I upgraded to an Mk9 dual extruder, and it came with thermocouples installed instead of the thermistors I had before.
No matter what I did with the thermocouples, the indicated temperature jumped around by as much as 30C or more. In short, after several weeks of fiddling I never got the thermocouples to work well, and replaced them with thermistors, which have been fine.
So my question is: what is required to get thermocouples to give reliable, consistent, accurate readings? Are they just incredibly touchy?
Some things I tried include:
Of course, one must add circuitry (typically a thermocouple amplifier board such as http://wiki.ultimaker.com/Thermocouple_Sensor_Board_v1), to convert the tiny voltage differences to larger differences usable with Arduino or similar analog inputs.
Place those boards close to the thermocouples, but far enough that they are at pretty stable temperature themselves.
Have absolutely no wire extensions of splices, changes of wire types (material), etc.
Avoid doing repeated measurements too fast.
I replaced a thermocouple board with 5V through a potentiometer to the analog input pin, to rule out problems in the Arduino, pin configurations, or software, and got stable readings.
I checked for shorts-to-ground from the heater block, both sides of the thermocouples, the heater itself, etc. None found.

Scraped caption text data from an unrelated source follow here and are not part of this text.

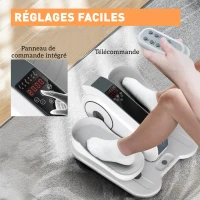 SPORTNOW Elliptique de bureau, vélo elliptique électrique écran LCD, télécommande et 10 vitesses réglables, 45 x 42 x 27 cm blanc(m-5)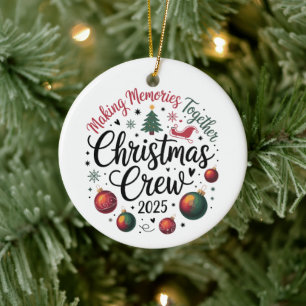 Kerstploeg 2025 Matching Familie Groep Kerstmis Keramisch Ornament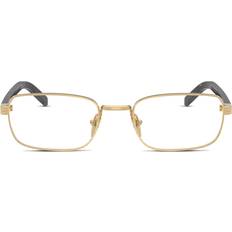 Briller & Læsebriller Prada Kvinde PR B54V 5AK1O1 Optiske Stel Metal Guld Transparent Firkantet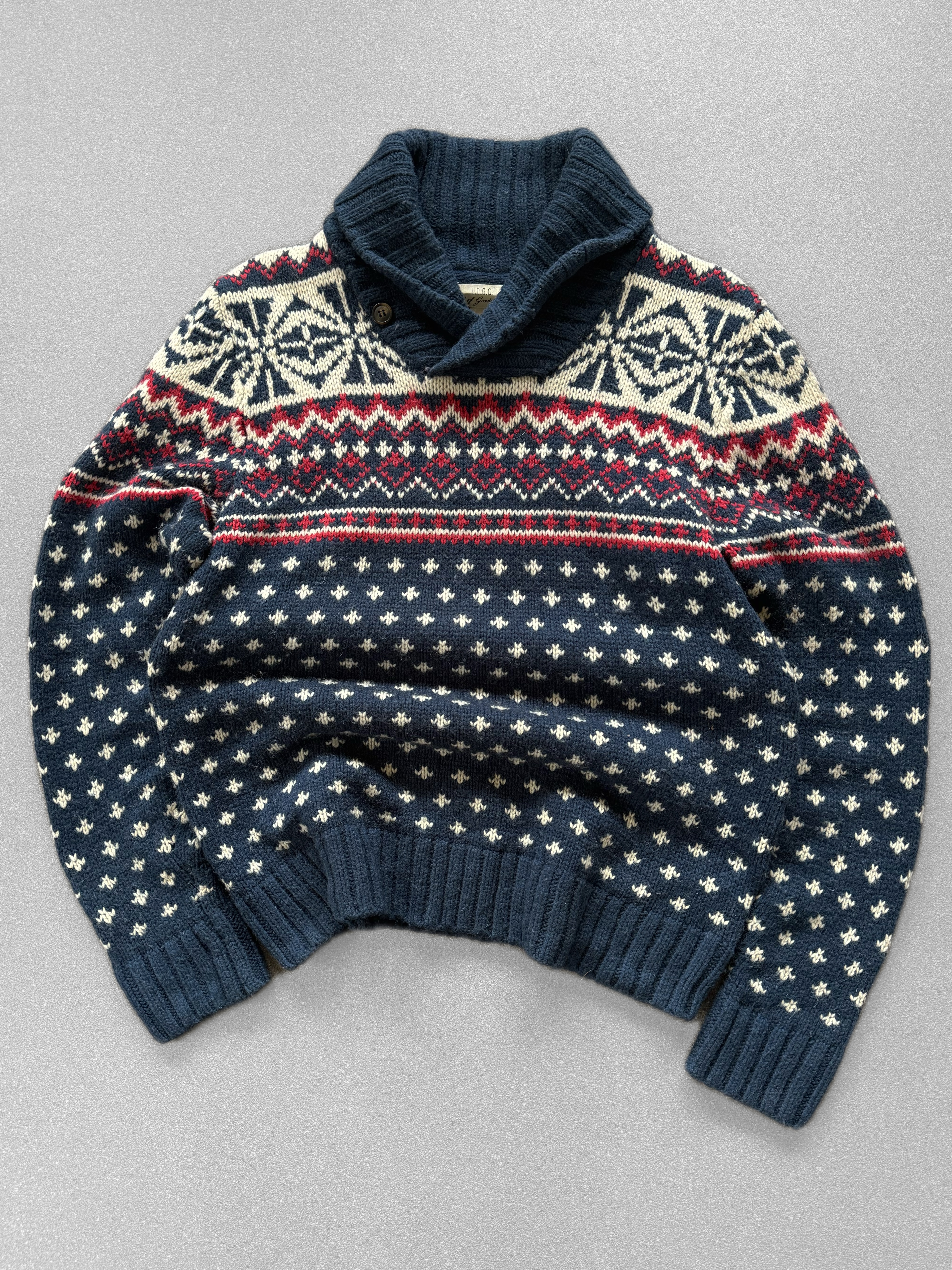 Sweater vintage grueso (M) 1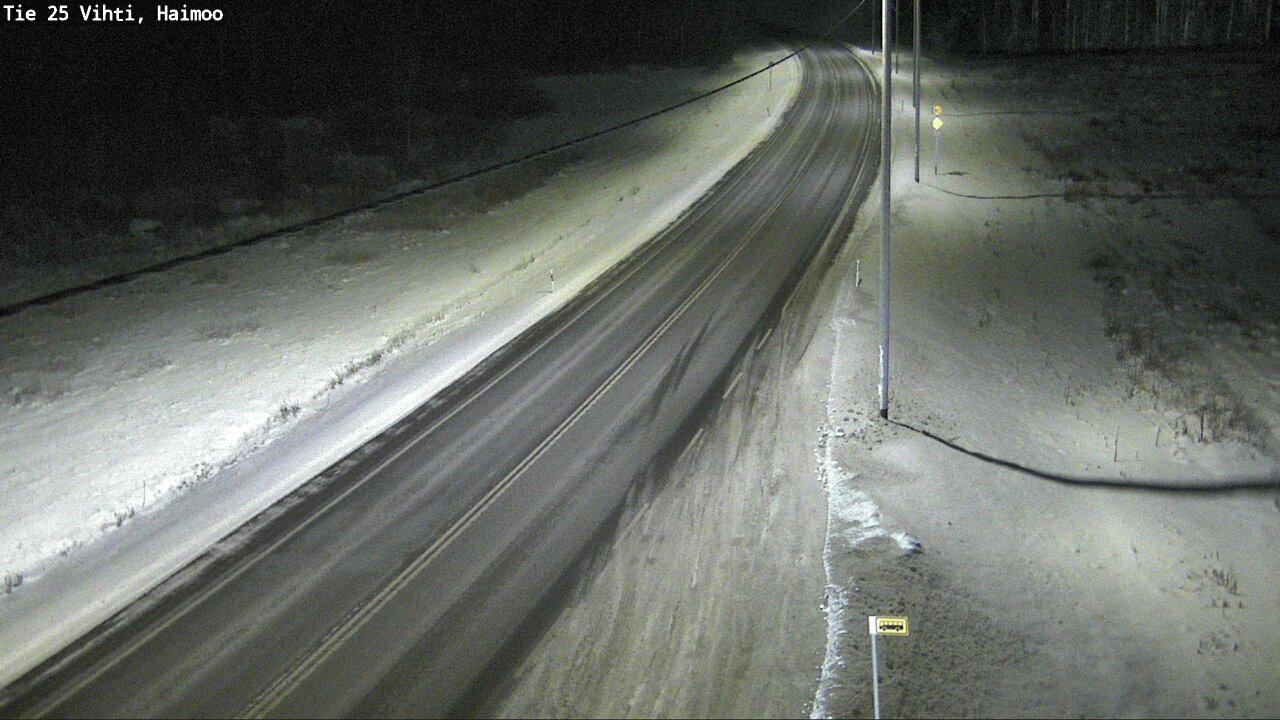 Weather Camera Image Road 25 Vihti, Haimoo, Vihti, Uusimaa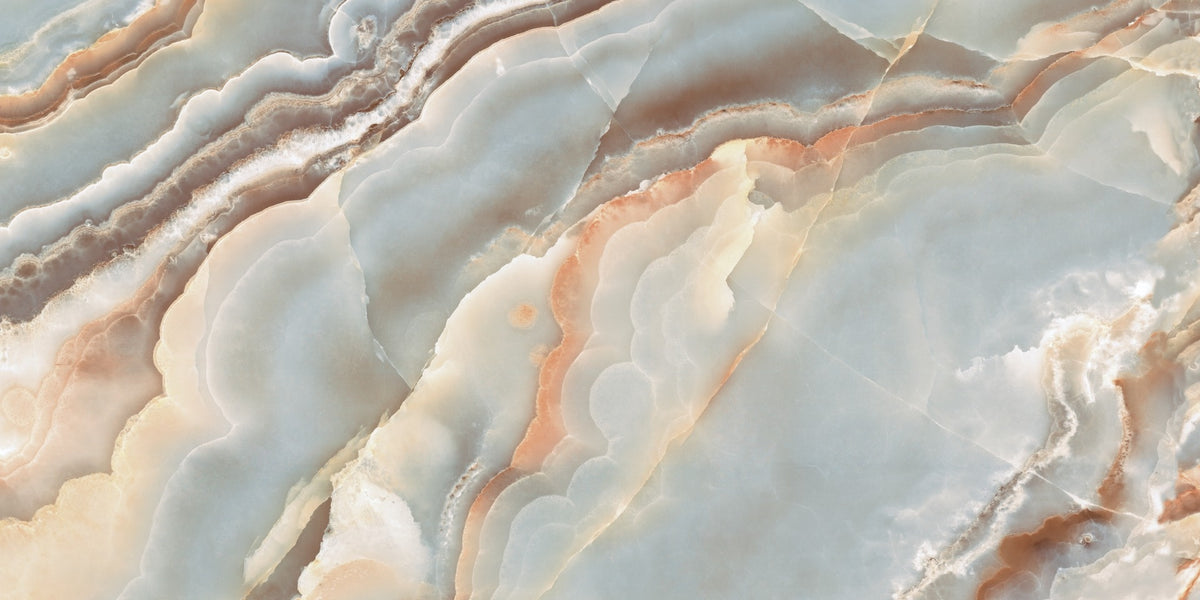 Aqua Tone Natural Marble Wallpaper Murals in your room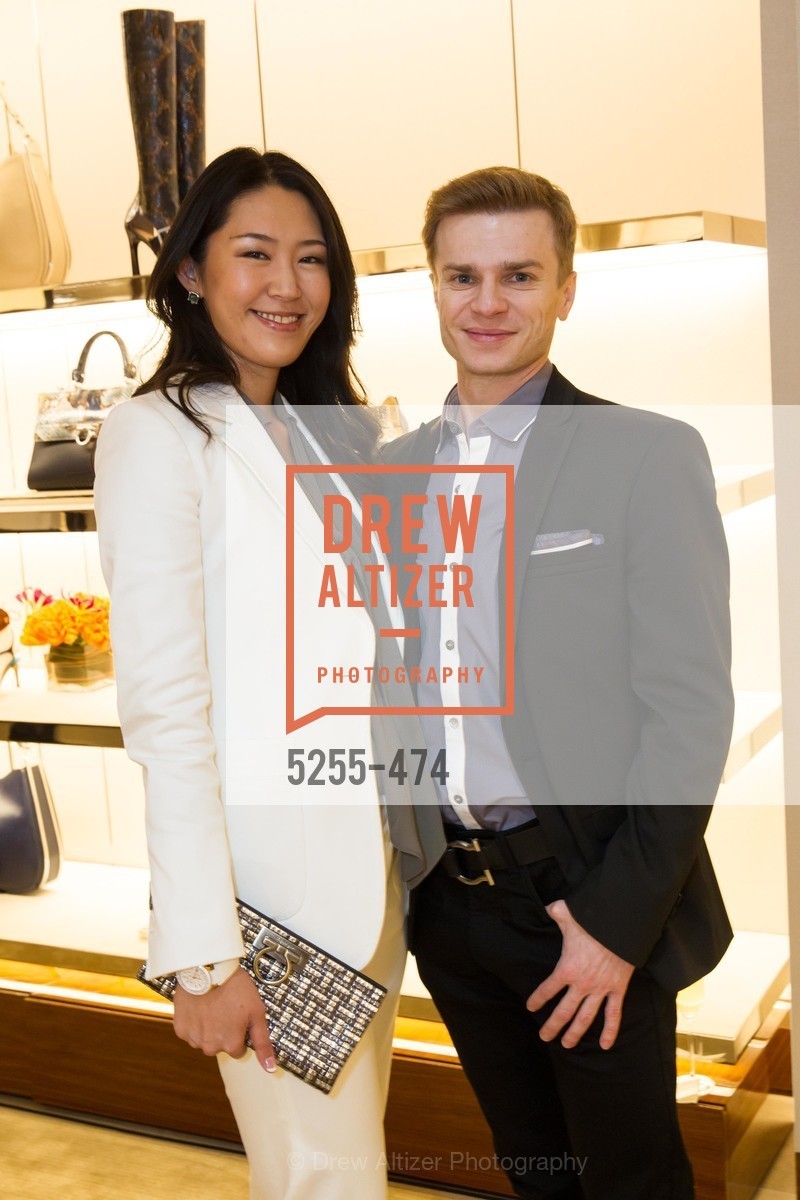 Miho Nedvigin, Gennadi Nedvigin, SALVATORE FERRAGAMO San Francisco Re-Opening, US. US, January 23rd, 2014,Drew Altizer, Drew Altizer Photography, full-service agency, private events, San Francisco photographer, photographer california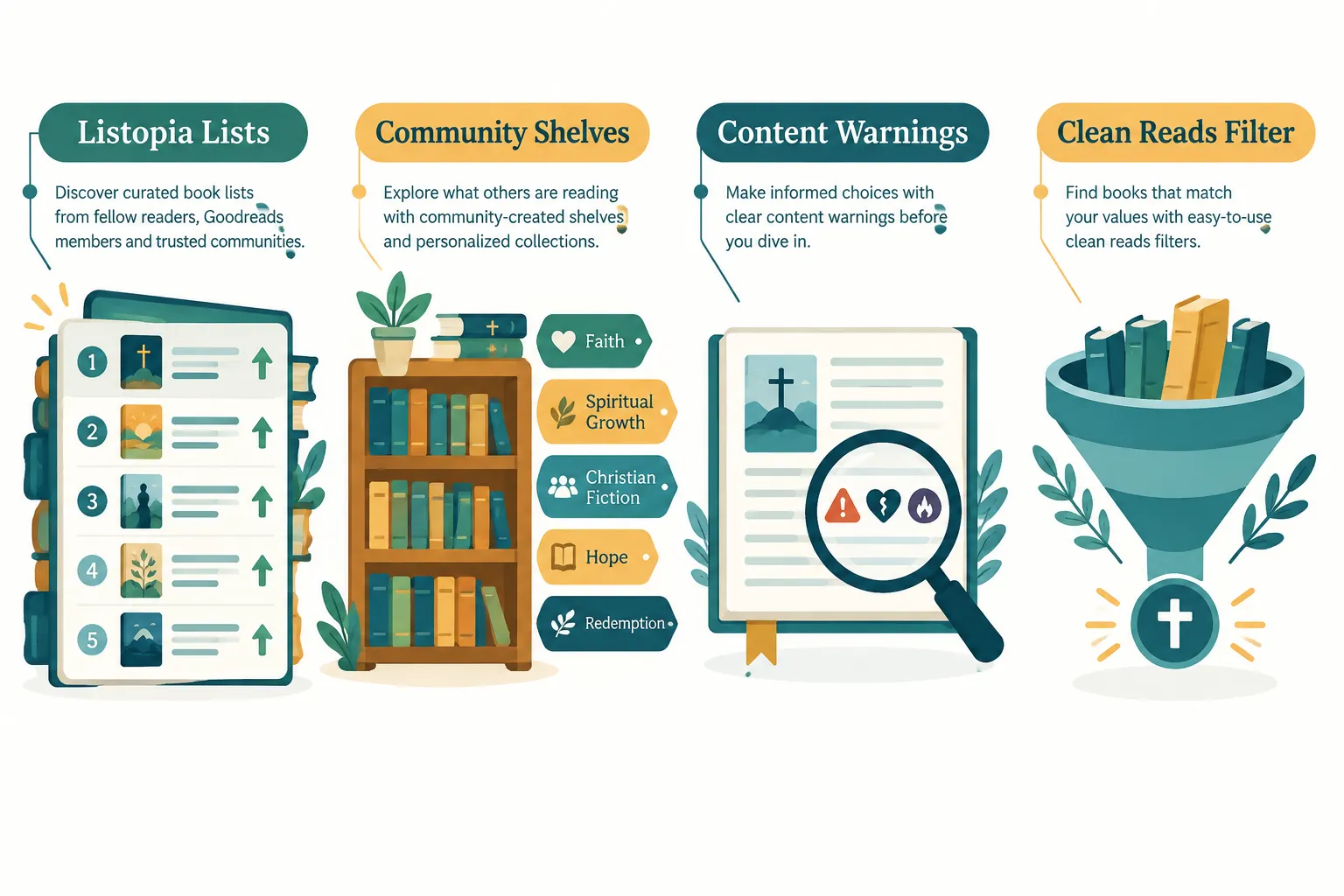 How Goodreads Listopia Works for Christian Fiction Discovery
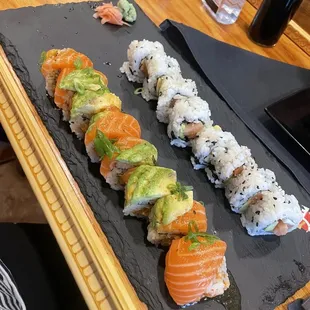 Suicide roll + Philly roll
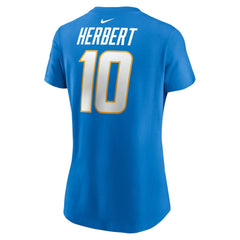 Justin Herbert Los Angeles Chargers Women's Player Name & Number T-Shirt - Powder Blue discount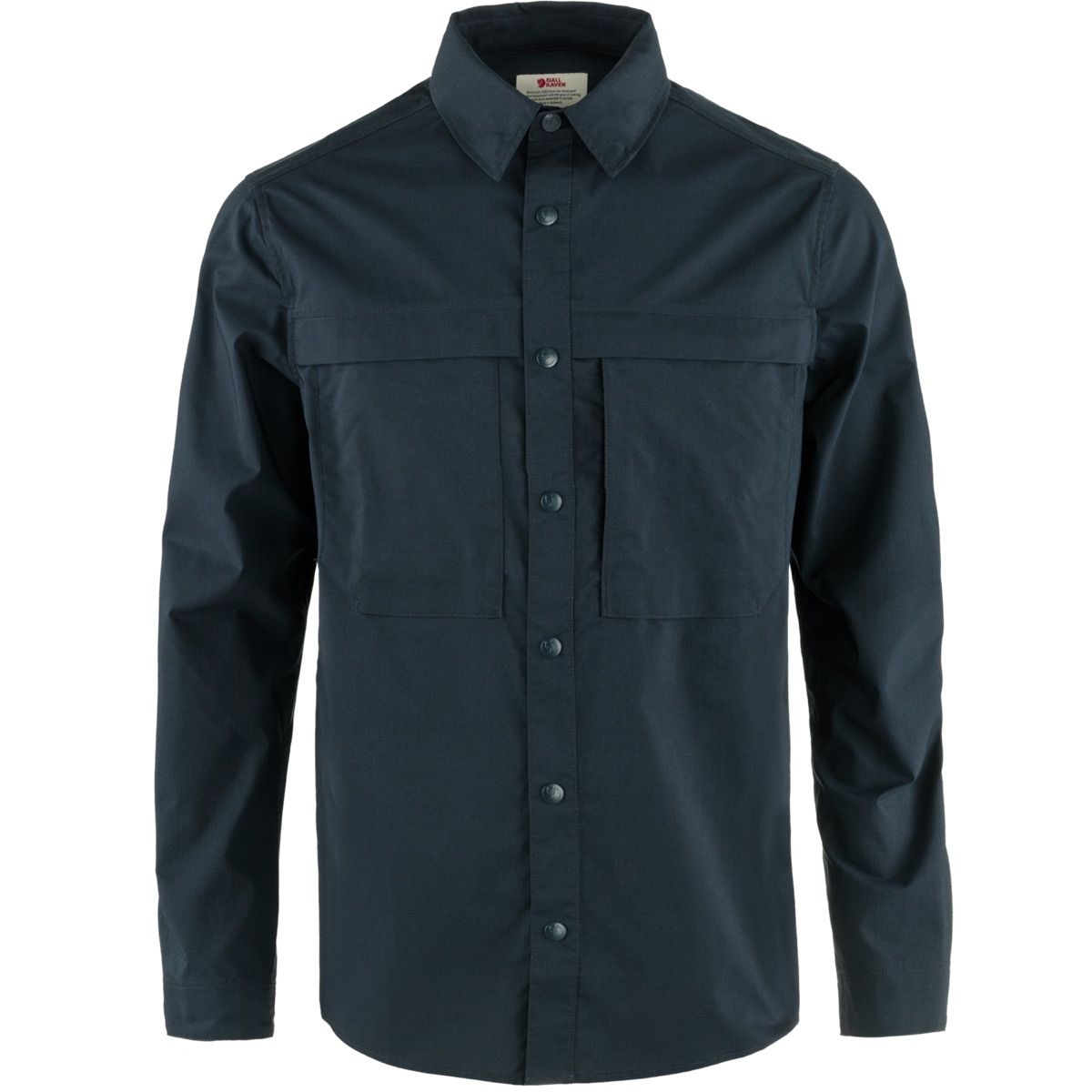 Fjällräven Men's Abisko Trail Shirt Long Sleeve Dark Navy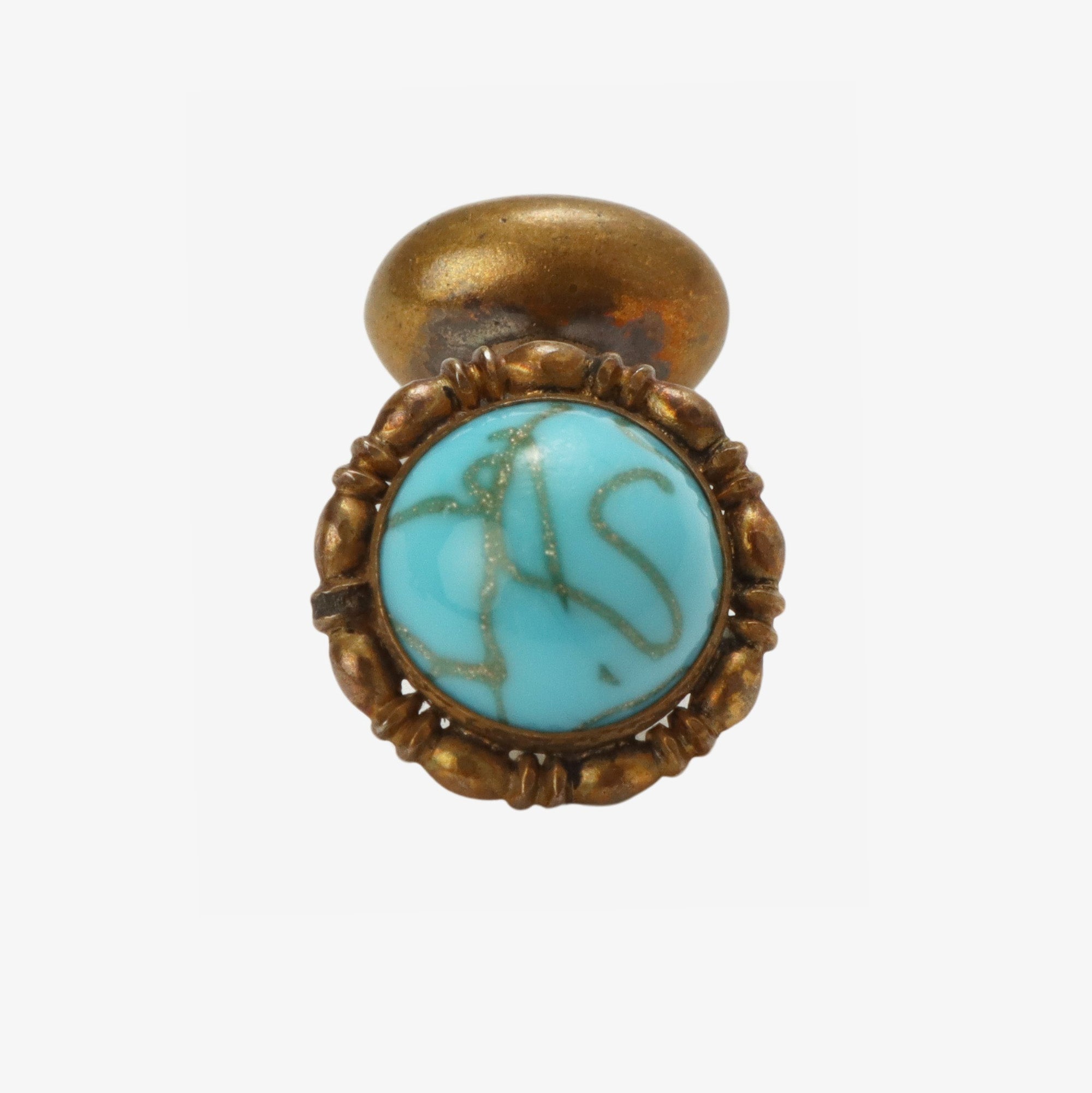 Gold and Turquoise Cufflinks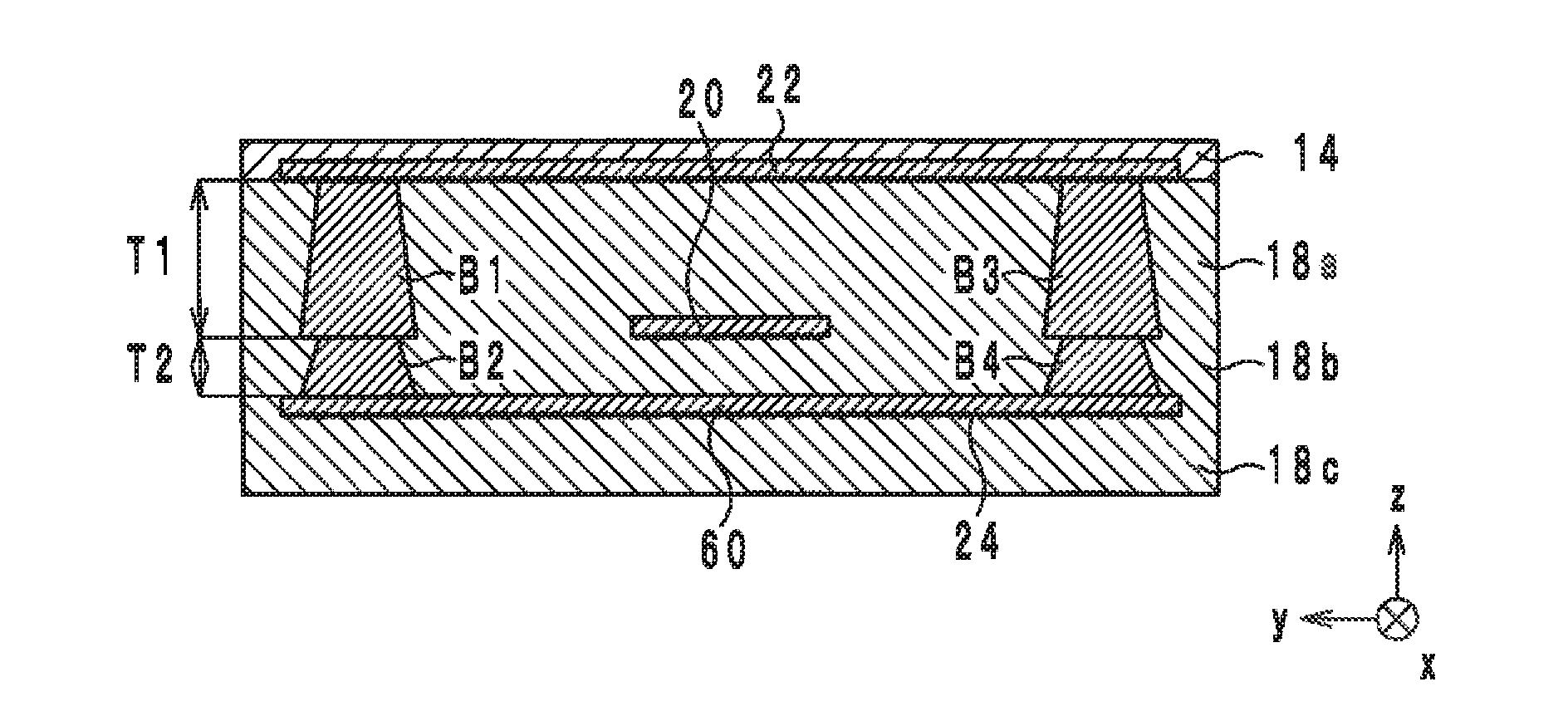 High-frequency signal transmission line, electronic device and manufacturing method of high-frequency signal transmission line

The thermocouple wires are surrounded by a braided shield (not common or shorted to either thermocouple wire); I tried grounding that at either end and at both ends, to the heat block, the printer frame, the power-supply ground, and the RAMPS board ground. These had various effects (sometimes large), but I couldn't find any configuration that made the readings stable (much less accurate!).
Anything I'm missing?
It sound like you just have a defective thermocouple. But, I just did a google search for "Why are thermocouples inaccurate" and found this article on identifying bad thermocouples and preventative maintenance. I never thought of a lot of the tips in the article, but I haven't had such drastic temperature errors either.